▸ **Aim of the exercise**: The required output is the lines of the listing from the beginning through the line containing "A button pin", each copied exactly, without any pictures.

··· Entries supplied

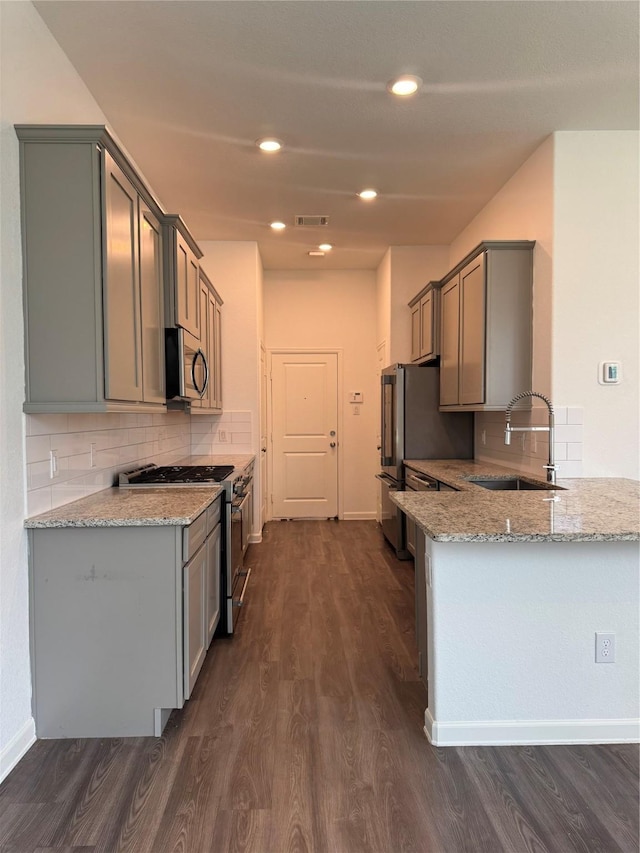 214 Fulton Station Dr, Houston, TX 77009 - kitchen with stainless steel appliances, light stone counters, dark wood-type flooring, decorative backsplash, and gray cabinetry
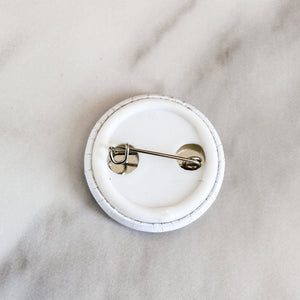 A button pin on a white table showing the back metal clasp of the button. 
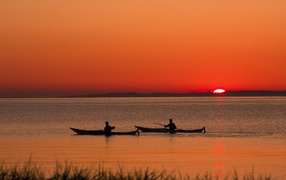 Два лодочника на фоне заката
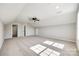 Large bonus room with neutral walls, plush carpet, and a modern ceiling fan for added comfort at 453 Cedar Grove Rd, Clover, SC 29710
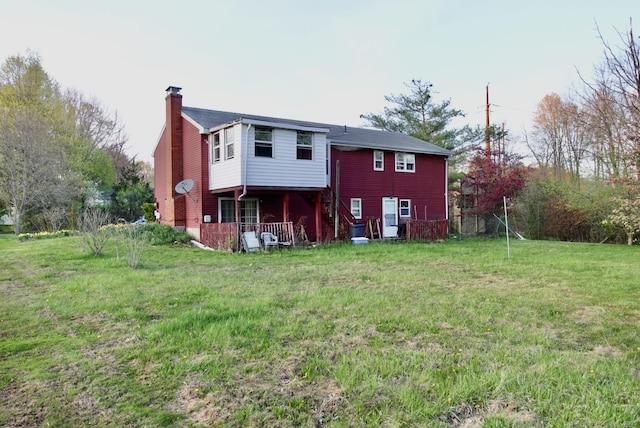 11 Kenneth Cir, Windsor, CT 06095 - rear view of property with a chimney and a lawn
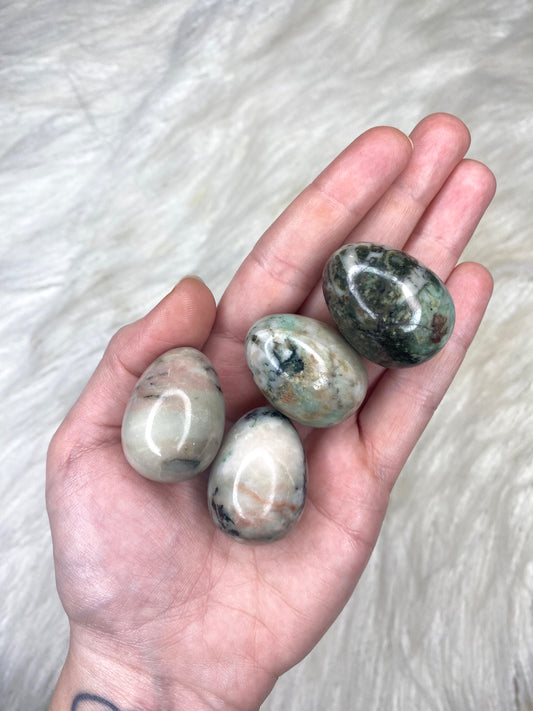 Emerald In Quartz Egg Carving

······

▸ **Solution for this exercise**:
 214 Fulton Station Dr, Houston, TX 77009 - kitchen with stainless steel appliances, light stone counters, dark wood-type flooring, decorative backsplash, and gray cabinetry
 A button pin on a white table showing the back metal clasp of the button. 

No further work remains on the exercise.